Search elastic engine keeps getting code killed. How do I fix it?

717 Views Asked by At

I have elastic search set up with a flask server running a gunicorn instance. My problem is elastic search keeps crashing every few hours and I have to restart it.

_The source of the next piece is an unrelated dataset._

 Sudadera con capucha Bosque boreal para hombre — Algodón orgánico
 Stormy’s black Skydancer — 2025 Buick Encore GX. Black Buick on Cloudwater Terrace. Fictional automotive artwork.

Here's what the service status looks like:

● elasticsearch.service - Elasticsearch
   Loaded: loaded (/usr/lib/systemd/system/elasticsearch.service; disabled; vendor preset: enabled)
   Active: failed (Result: signal) since Mon 2021-06-21 06:06:15 UTC; 3h 8min ago
     Docs: https://www.elastic.co
  Process: 17808 ExecStart=/usr/share/elasticsearch/bin/systemd-entrypoint -p ${PID_DIR}/elasticsearch.pid --quiet (code=killed, signal=KILL)
 Main PID: 17808 (code=killed, signal=KILL)
    Tasks: 0 (limit: 2313)
   CGroup: /system.slice/elasticsearch.service

Jun 21 04:56:51 ip-XXX-XX-XX-XXX systemd[1]: Starting Elasticsearch...
Jun 21 04:57:27 ip-XXX-XX-XX-XXX systemd[1]: Started Elasticsearch.
Jun 21 06:06:15 ip-XXX-XX-XX-XXX systemd[1]: elasticsearch.service: Main process exited, code=killed, status=9/KILL
Jun 21 06:06:15 ip-XXX-XX-XX-XXX systemd[1]: elasticsearch.service: Failed with result 'signal'.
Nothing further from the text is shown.